__Task brief__.
Please keep pictures out and return the lines below exactly, from the one holding "Building Photo - 43 Panterra Way" through the last, both included.

*** Dataset section Section Begins ***

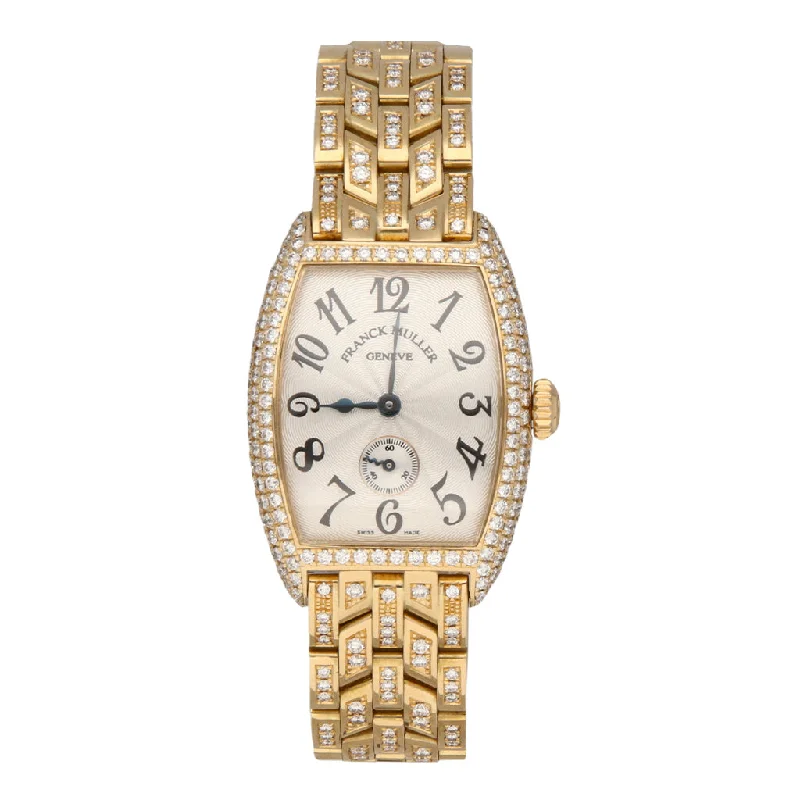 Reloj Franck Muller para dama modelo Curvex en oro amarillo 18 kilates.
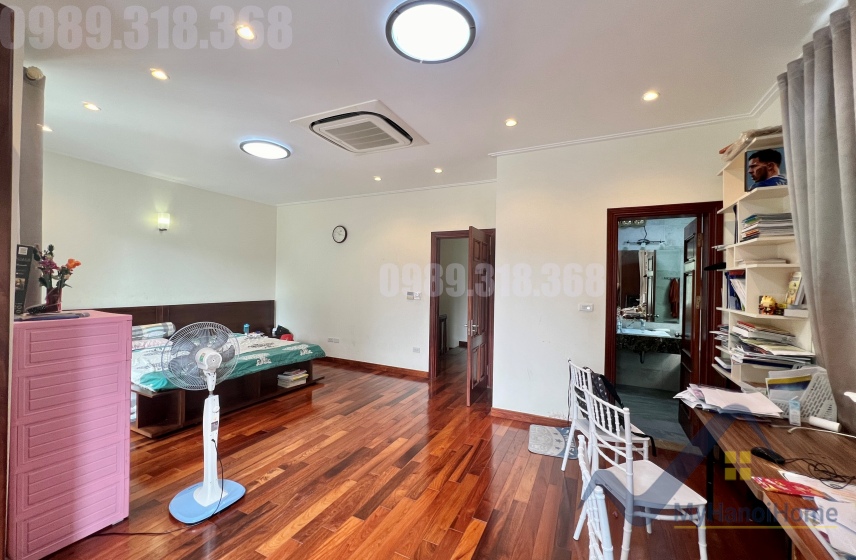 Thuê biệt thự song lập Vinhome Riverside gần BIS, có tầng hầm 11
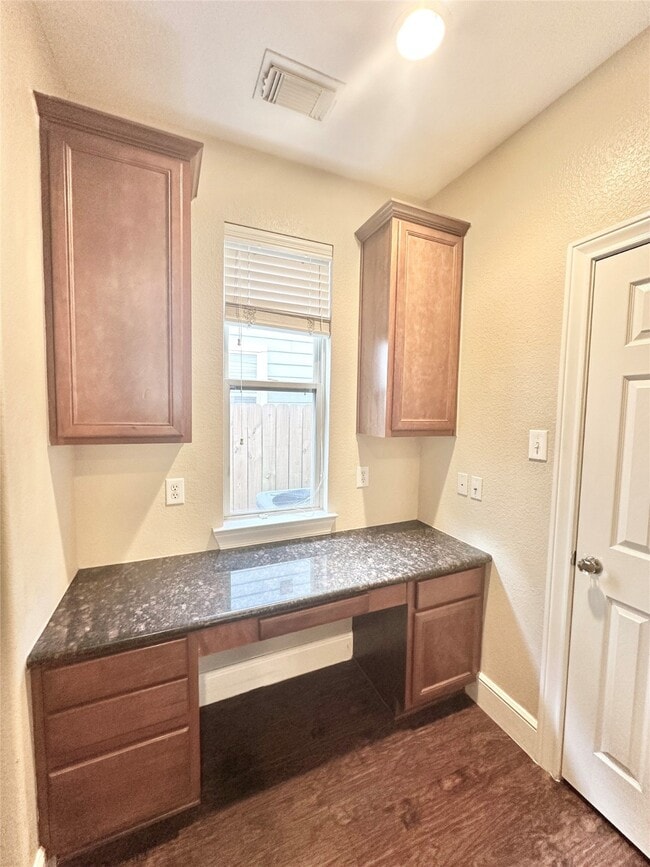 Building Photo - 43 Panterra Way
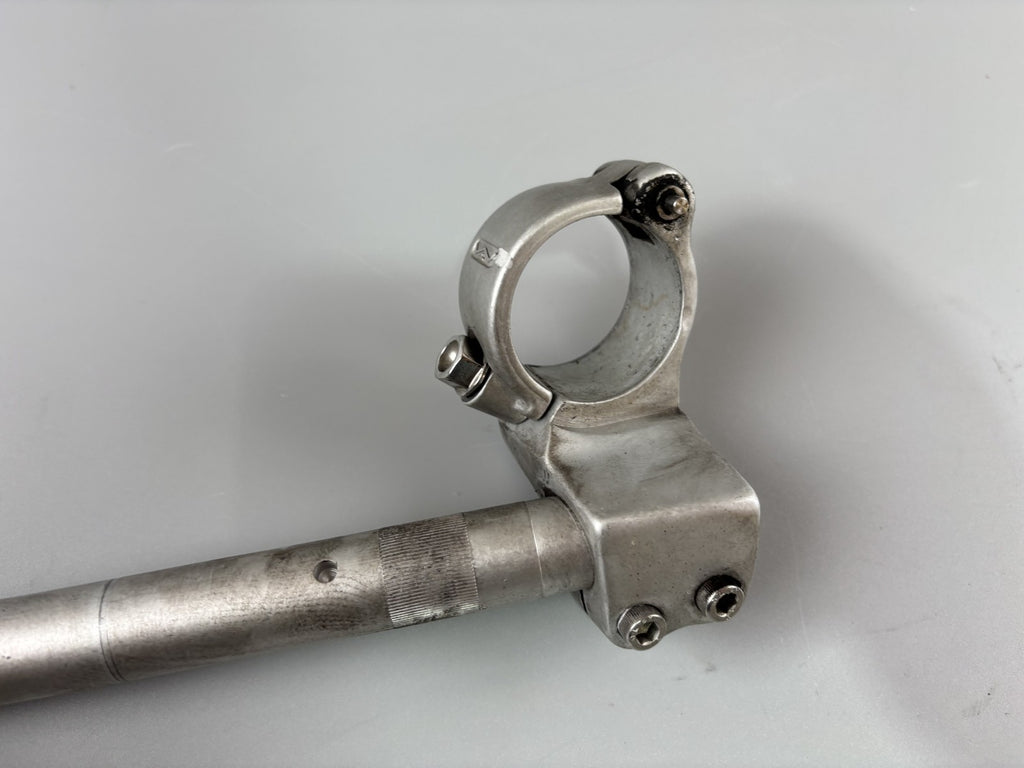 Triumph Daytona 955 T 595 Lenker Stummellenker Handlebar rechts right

*** Dataset section Section Ends ***

__Answer__.
 Building Photo - 43 Panterra Way
 Triumph Daytona 955 T 595 Lenker Stummellenker Handlebar rechts right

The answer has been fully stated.